Web page caption snippets:
□ □ □ □ □

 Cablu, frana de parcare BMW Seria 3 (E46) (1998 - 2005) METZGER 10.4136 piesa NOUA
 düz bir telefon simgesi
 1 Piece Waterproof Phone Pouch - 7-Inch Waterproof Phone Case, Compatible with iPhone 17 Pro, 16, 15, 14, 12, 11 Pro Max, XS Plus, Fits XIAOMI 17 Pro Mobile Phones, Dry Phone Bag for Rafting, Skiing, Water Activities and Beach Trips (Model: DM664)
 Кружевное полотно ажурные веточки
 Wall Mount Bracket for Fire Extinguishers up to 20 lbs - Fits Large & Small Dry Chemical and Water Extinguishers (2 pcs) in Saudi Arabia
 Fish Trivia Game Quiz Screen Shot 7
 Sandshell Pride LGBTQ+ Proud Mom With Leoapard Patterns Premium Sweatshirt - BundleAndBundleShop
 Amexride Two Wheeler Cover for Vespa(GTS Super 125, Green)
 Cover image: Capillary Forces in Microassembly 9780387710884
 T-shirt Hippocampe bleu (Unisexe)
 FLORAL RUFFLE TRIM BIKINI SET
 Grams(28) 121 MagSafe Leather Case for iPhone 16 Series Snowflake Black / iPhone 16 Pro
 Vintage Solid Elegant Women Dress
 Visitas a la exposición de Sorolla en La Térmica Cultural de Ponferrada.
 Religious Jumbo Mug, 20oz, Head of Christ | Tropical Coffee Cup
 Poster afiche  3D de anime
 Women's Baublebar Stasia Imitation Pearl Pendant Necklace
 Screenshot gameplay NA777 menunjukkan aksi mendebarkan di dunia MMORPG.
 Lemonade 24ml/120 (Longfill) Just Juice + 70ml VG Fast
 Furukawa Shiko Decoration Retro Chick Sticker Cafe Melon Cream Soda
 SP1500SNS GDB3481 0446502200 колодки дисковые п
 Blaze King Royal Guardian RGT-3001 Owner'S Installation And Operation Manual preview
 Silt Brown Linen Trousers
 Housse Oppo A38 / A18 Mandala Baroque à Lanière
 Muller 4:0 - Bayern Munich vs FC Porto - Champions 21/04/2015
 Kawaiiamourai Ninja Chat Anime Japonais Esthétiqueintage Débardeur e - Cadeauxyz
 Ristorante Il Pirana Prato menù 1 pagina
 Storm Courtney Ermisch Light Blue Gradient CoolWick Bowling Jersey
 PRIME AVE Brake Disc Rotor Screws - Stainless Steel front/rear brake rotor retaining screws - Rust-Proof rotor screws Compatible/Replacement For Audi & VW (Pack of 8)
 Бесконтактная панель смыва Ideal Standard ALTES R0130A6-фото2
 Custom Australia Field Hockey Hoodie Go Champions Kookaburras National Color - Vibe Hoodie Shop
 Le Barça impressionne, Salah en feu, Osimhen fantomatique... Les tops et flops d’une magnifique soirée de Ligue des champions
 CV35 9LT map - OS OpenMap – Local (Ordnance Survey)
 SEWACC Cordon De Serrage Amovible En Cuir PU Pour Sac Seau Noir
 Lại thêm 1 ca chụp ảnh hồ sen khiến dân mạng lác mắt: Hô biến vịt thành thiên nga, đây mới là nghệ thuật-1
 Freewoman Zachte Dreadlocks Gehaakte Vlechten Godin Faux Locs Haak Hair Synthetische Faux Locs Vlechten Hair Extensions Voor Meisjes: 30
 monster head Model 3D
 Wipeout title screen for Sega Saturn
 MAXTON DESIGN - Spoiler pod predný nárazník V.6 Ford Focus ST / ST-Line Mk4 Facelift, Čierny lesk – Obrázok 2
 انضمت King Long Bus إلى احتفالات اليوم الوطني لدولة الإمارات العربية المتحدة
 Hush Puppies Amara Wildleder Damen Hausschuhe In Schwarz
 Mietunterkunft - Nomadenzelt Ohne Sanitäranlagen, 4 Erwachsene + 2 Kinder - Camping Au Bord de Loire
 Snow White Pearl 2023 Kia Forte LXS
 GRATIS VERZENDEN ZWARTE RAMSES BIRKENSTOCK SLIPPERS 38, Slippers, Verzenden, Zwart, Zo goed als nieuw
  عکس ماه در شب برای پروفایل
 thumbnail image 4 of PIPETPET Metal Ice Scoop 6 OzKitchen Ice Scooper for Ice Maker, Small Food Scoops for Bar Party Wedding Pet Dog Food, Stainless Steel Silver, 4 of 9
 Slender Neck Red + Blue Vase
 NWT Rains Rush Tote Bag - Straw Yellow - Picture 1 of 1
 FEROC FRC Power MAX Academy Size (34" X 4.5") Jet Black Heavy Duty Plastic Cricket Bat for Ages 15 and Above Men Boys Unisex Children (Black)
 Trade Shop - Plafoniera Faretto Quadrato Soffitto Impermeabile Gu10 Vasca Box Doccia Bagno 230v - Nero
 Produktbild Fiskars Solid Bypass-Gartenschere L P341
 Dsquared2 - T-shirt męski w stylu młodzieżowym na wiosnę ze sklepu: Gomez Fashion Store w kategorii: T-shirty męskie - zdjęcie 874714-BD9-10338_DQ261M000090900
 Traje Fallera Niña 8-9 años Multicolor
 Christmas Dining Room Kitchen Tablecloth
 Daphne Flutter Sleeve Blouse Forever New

□ □ □ □ □

Only the lines above from the line containing "MAXTON DESIGN - Spoiler" through the line containing "Christmas Dining Room Kitchen Tablecloth" should be retyped, exactly and with both ends included.

◆ TASK ANSWER ◆
 MAXTON DESIGN - Spoiler pod predný nárazník V.6 Ford Focus ST / ST-Line Mk4 Facelift, Čierny lesk – Obrázok 2
 انضمت King Long Bus إلى احتفالات اليوم الوطني لدولة الإمارات العربية المتحدة
 Hush Puppies Amara Wildleder Damen Hausschuhe In Schwarz
 Mietunterkunft - Nomadenzelt Ohne Sanitäranlagen, 4 Erwachsene + 2 Kinder - Camping Au Bord de Loire
 Snow White Pearl 2023 Kia Forte LXS
 GRATIS VERZENDEN ZWARTE RAMSES BIRKENSTOCK SLIPPERS 38, Slippers, Verzenden, Zwart, Zo goed als nieuw
  عکس ماه در شب برای پروفایل
 thumbnail image 4 of PIPETPET Metal Ice Scoop 6 OzKitchen Ice Scooper for Ice Maker, Small Food Scoops for Bar Party Wedding Pet Dog Food, Stainless Steel Silver, 4 of 9
 Slender Neck Red + Blue Vase
 NWT Rains Rush Tote Bag - Straw Yellow - Picture 1 of 1
 FEROC FRC Power MAX Academy Size (34" X 4.5") Jet Black Heavy Duty Plastic Cricket Bat for Ages 15 and Above Men Boys Unisex Children (Black)
 Trade Shop - Plafoniera Faretto Quadrato Soffitto Impermeabile Gu10 Vasca Box Doccia Bagno 230v - Nero
 Produktbild Fiskars Solid Bypass-Gartenschere L P341
 Dsquared2 - T-shirt męski w stylu młodzieżowym na wiosnę ze sklepu: Gomez Fashion Store w kategorii: T-shirty męskie - zdjęcie 874714-BD9-10338_DQ261M000090900
 Traje Fallera Niña 8-9 años Multicolor
 Christmas Dining Room Kitchen Tablecloth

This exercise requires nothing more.